A lot of pages devoted to the GG1. 

Seems to be a lot of interesting stuff. 

New trackside gantry

Very glad to see another lionmaster even if is not one I am interested in. 

Will the T1 be popular?


Catalog is CRAPPY on an iPad. Unreadable. Surprising because they have worked well in the past.


----------



## MOVL (Aug 23, 2015)

Fabforrest said:


> Will the T1 be popular?
> 
> 
> Catalog is CRAPPY on an iPad. Unreadable. Surprising because they have worked well in the past.


The T1 will be popular with Lionel loyalists...especially the Freedom Train. MTH just did these locomotives.

The main catalog is blurry on my iPad as well. The Ready to Run cat is fine though.


----------



## 86TA355SR (Feb 27, 2015)

The catalog was blurry on my lap top also. Thought it was just me.

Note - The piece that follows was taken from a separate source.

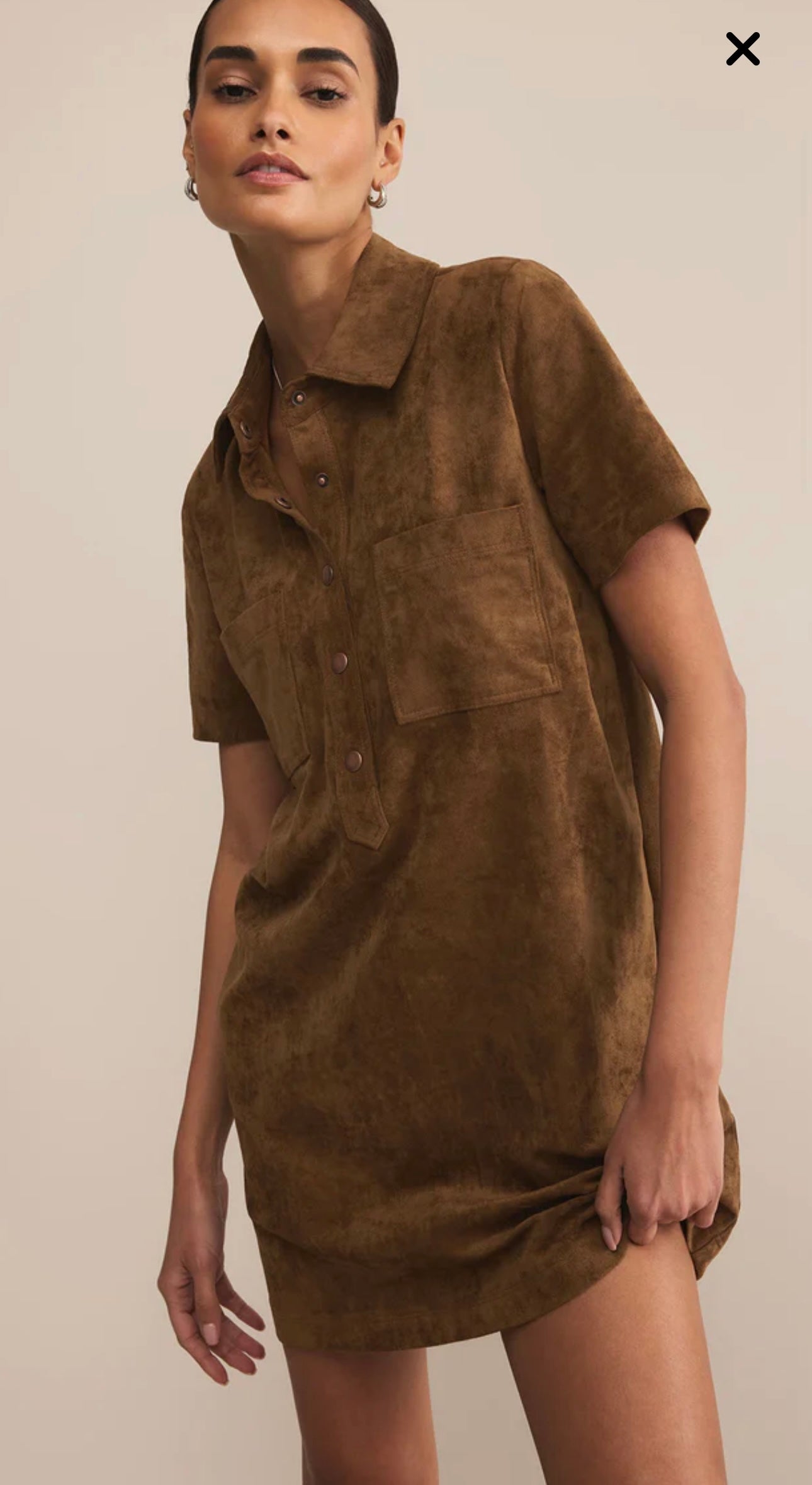 SYDNEY SUEDE MINI DRESS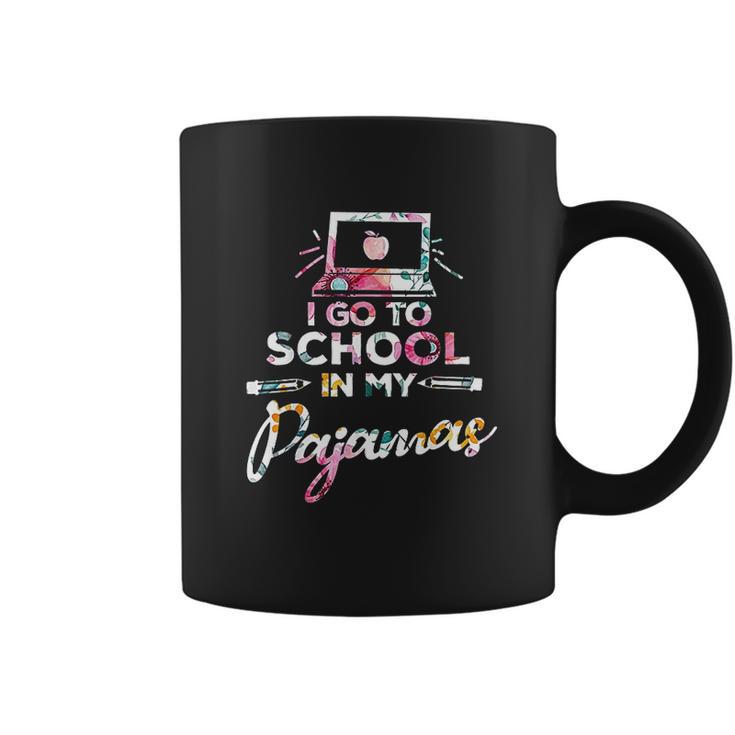 Homeschooler I Go To School In My Pajamas Online Class Coffee Mug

Glad to see so many people happy, Lionel did a great job with the variety of items.


----------



## Laidoffsick (Sep 20, 2015)

I can't zoom in on anything with the smart phone. All gets super blurry. Will check the laptop later. 

Lots of cool stuff I think. My wallet is gonna be pissed.

Always wanted a 4449 Freedom train since I was a kid. The UP Excursion cars with the flag car. Reefer sets with sound, PS1 box car with sound, the Zebra stripe switcher..... oh boy. Have to stop for now, may need to work more this year.


----------



## Fabforrest (Aug 31, 2015)

seems as if they have upgraded the stationsounds diners quite a bit.


looks better on my desktop, but not great.


----------



## SDIV Tim (Nov 19, 2015)

Over at OGR, everyone is crying about how they do remakes in a thread about what you think is gonna be in the next catalog, I wrote that my prediction about the GS-4 in AFT Colors and SP colors and I was right. The price of the GG1 Surprised me and the Allegheny price got expensive the last time it was produced 10 years ago. Unfortunately I have spent my money in the MTH Catalogs and am saving my money to buy the Lion master Challenger, So far I am half way there. I also blame Mark over at Menard's for making the military stuff at the end of the year and had to dip into some of my Challenger Money. 

Overall the catalog looks great.


----------



## Ricky Tanner (Sep 19, 2015)

There are a lot of re runs - but *I'm *not crying. I already have six scale GS2's/GS4's,I have nine scale GG1's and three scale C&O Alleghenies and a VGN Blue ridge (Same engine).I have dozens upon dozens of UP passenger cars and I have the MTH Premier Reading T1. No big purchases for me this time around.I'm still digesting the catalog and there are some nice scale boxcars. I was expecting the next Vision steam loco (A NYC Niagara)in this catalog.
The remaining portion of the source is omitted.